*Description of the task*: In the entries that follow, find the line containing "സുഹൃത്തുക്കള്&zwj;ക്കിടയില്&zwj; സംഭവിച്ചതെന്ത്? അഞ്ജനയെയും" and the line containing "வியாழனன்று கூறுகிறேன் சத்குரு", then copy exactly everything from the first through the second except the pictures.

*Provided records*:

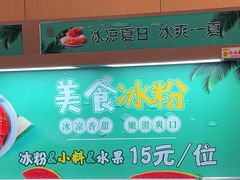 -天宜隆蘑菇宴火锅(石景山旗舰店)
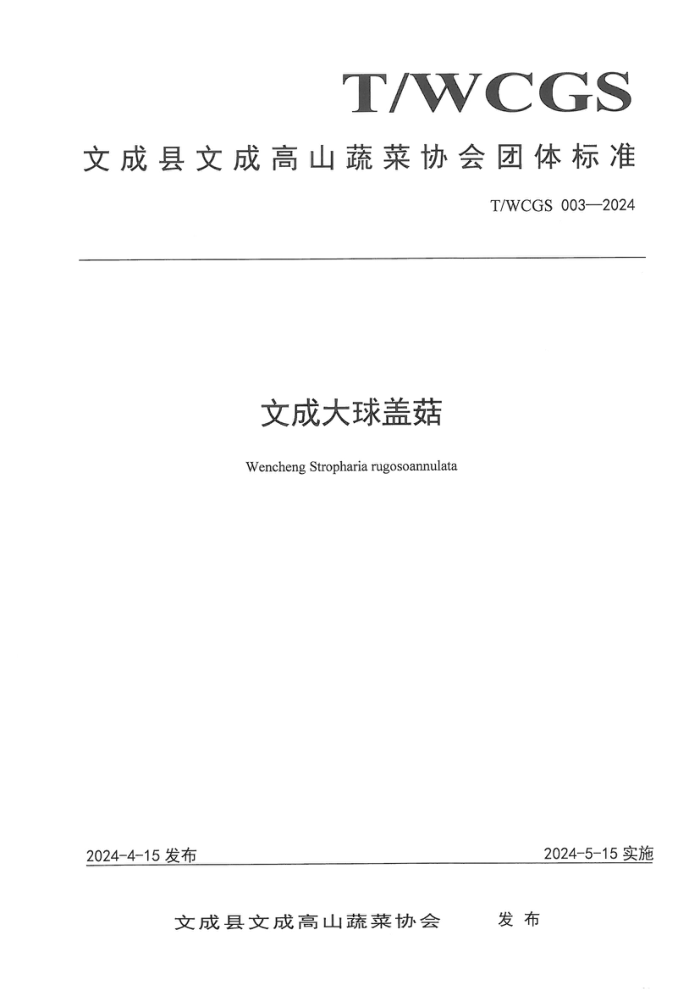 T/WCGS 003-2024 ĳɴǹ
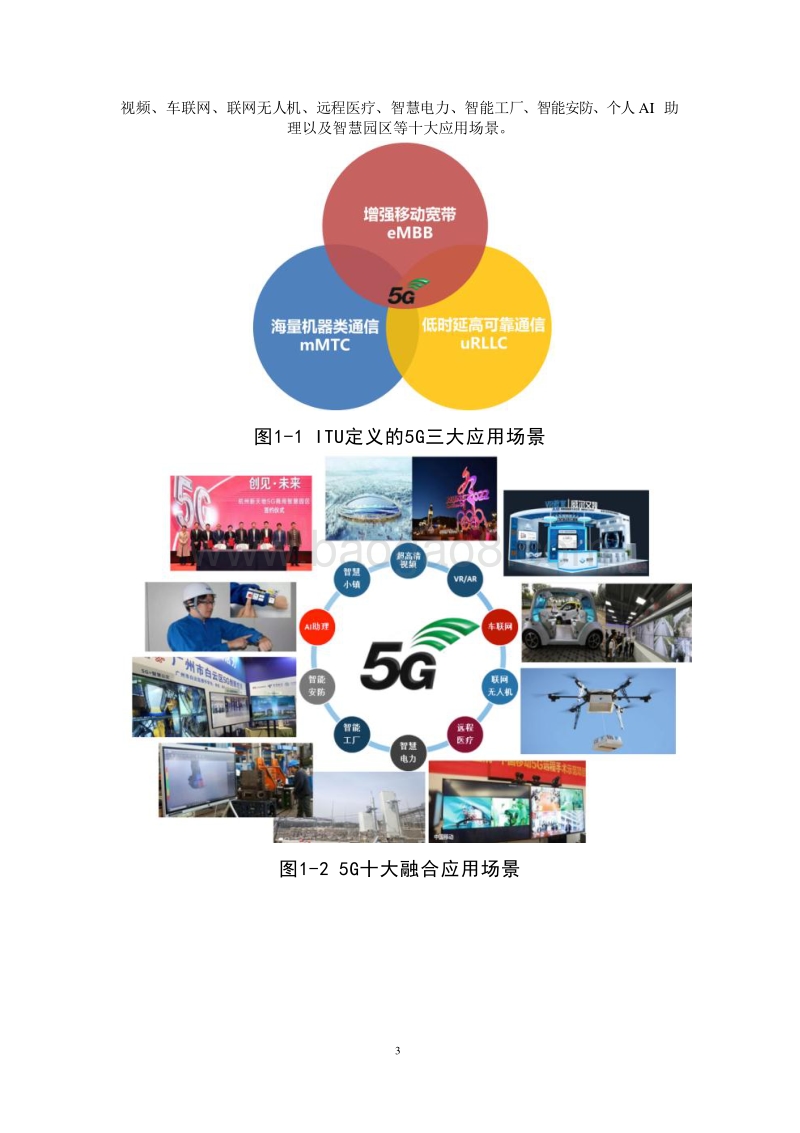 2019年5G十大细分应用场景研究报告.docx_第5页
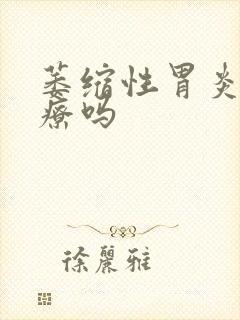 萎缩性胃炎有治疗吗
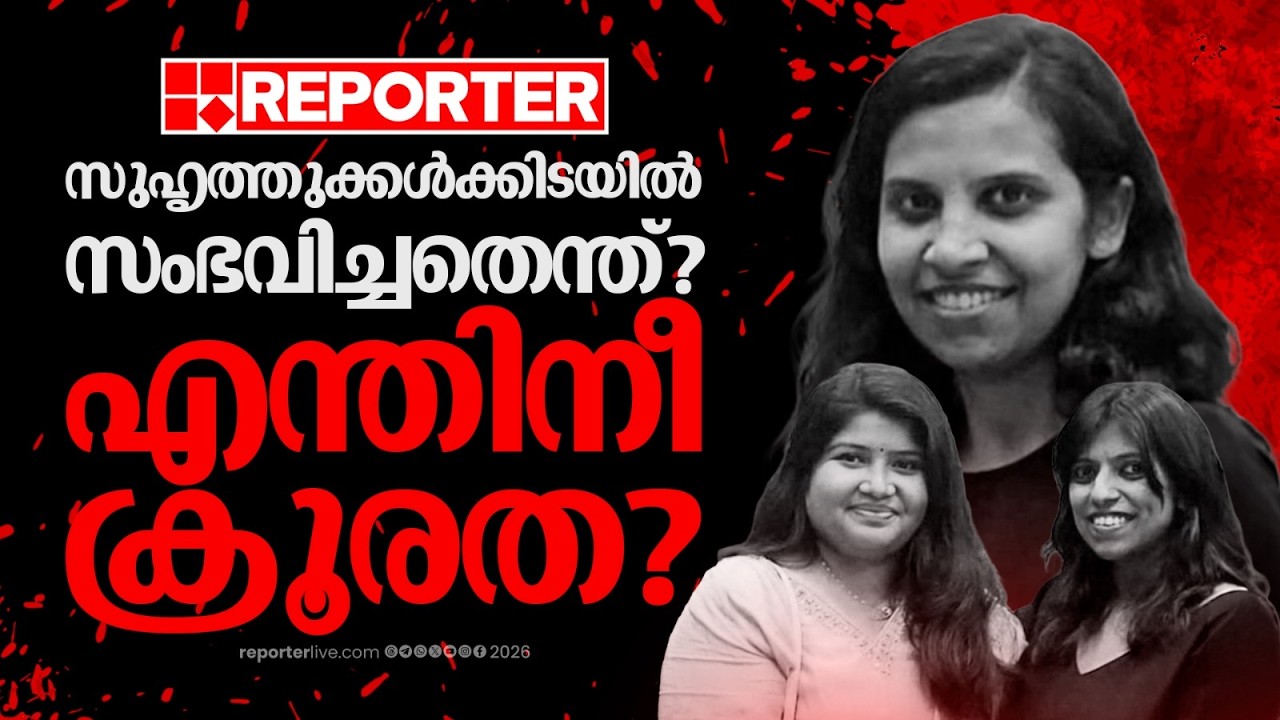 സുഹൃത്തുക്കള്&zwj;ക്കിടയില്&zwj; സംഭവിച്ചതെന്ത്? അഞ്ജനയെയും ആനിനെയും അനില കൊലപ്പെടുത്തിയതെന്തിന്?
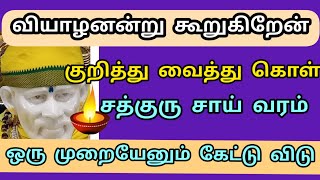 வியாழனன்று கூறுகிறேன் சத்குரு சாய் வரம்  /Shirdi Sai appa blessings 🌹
...
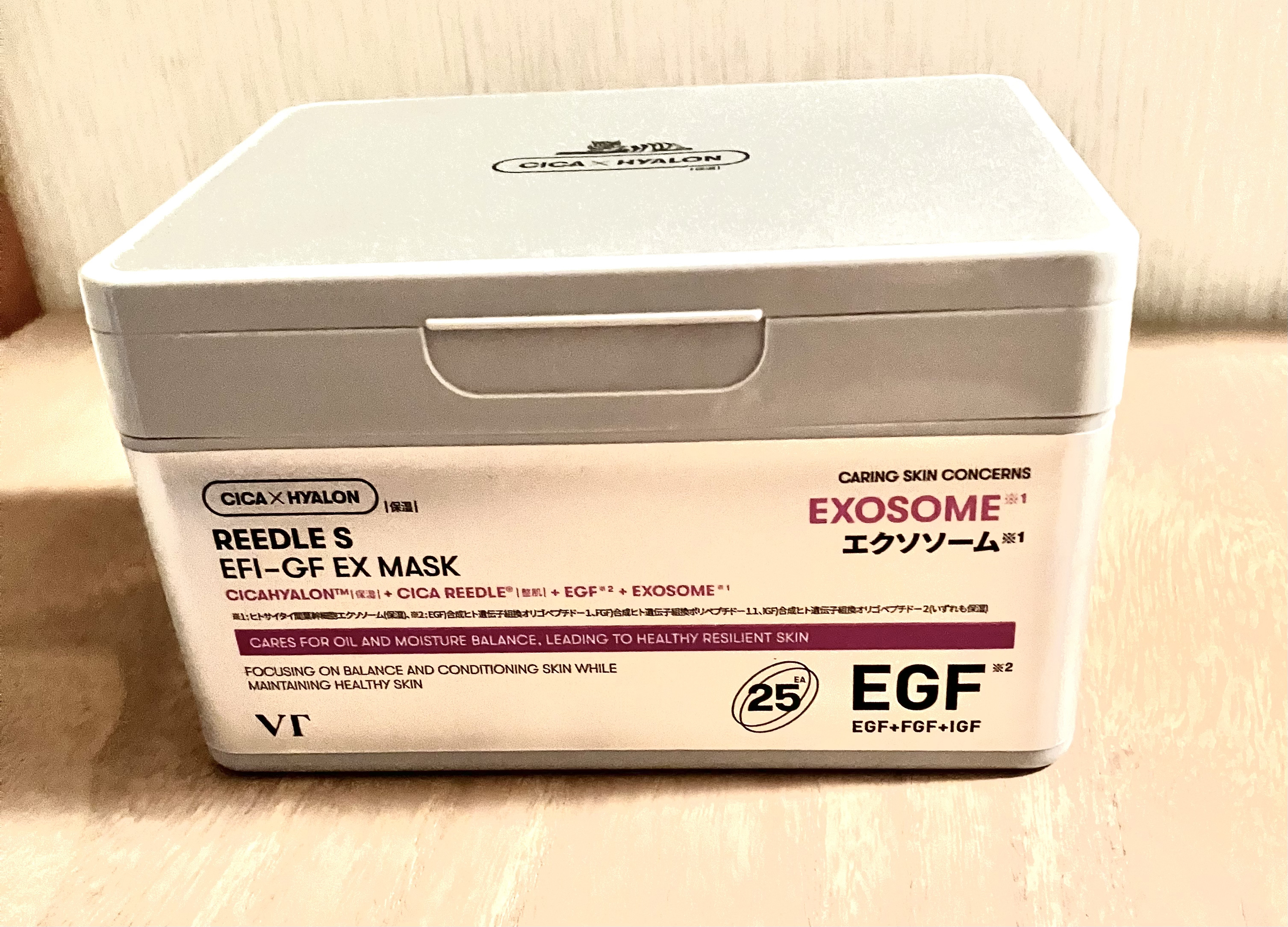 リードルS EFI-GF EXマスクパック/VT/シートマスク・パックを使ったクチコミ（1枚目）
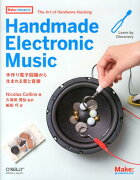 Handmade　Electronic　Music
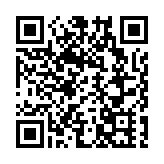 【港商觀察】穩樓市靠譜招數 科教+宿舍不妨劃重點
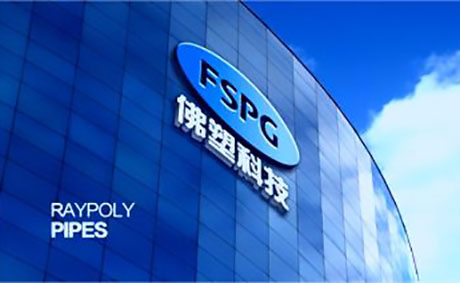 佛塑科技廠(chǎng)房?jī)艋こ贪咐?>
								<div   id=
* * *
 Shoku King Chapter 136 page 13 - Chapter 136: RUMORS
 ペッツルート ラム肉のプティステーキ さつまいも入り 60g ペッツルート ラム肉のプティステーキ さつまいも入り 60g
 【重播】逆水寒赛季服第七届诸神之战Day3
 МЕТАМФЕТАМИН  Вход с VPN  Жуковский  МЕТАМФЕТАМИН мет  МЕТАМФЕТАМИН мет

*Exercise output*:
 സുഹൃത്തുക്കള്&zwj;ക്കിടയില്&zwj; സംഭവിച്ചതെന്ത്? അഞ്ജനയെയും ആനിനെയും അനില കൊലപ്പെടുത്തിയതെന്തിന്?
 வியாழனன்று கூறுகிறேன் சத்குரு சாய் வரம்  /Shirdi Sai appa blessings 🌹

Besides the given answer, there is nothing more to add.